[Opening Data section section]

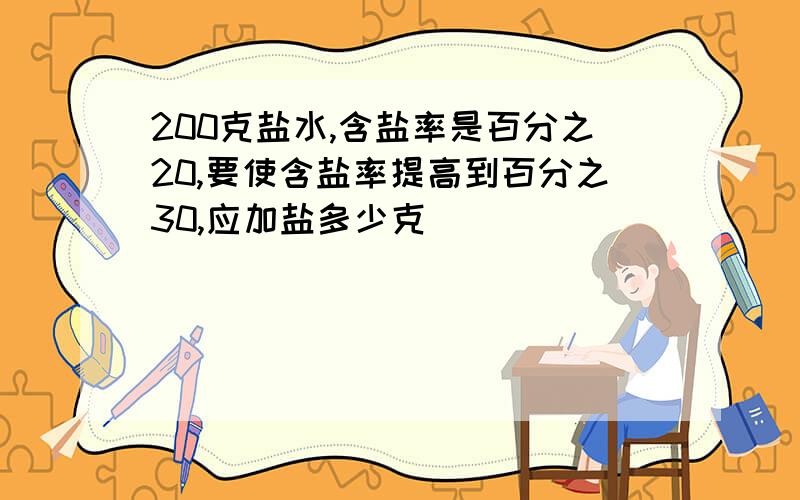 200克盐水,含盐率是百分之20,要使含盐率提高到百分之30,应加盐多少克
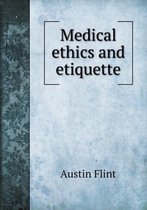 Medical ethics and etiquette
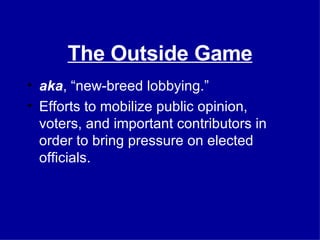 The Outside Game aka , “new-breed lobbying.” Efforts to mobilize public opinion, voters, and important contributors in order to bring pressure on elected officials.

[Closing Data section section]
[Opening Data section section]

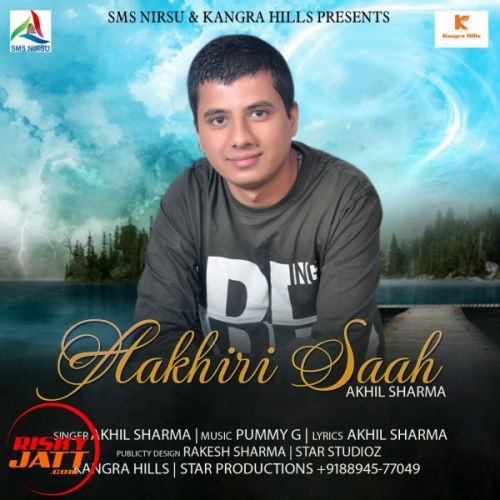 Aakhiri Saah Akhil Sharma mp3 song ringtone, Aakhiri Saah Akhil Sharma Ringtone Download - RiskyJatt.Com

[Closing Data section section]

● Problem statement: Given the listing above, repeat exactly the lines starting at the one with "200克盐水,含盐率是百分之20,要使含盐率提高到百分之30,应加盐多少克" and ending at the one with "The Outside Game", inclusive, excluding pictures.

● Exercise output:
 200克盐水,含盐率是百分之20,要使含盐率提高到百分之30,应加盐多少克
 Medical ethics and etiquette
 The Outside Game aka , “new-breed lobbying.” Efforts to mobilize public opinion, voters, and important contributors in order to bring pressure on elected officials.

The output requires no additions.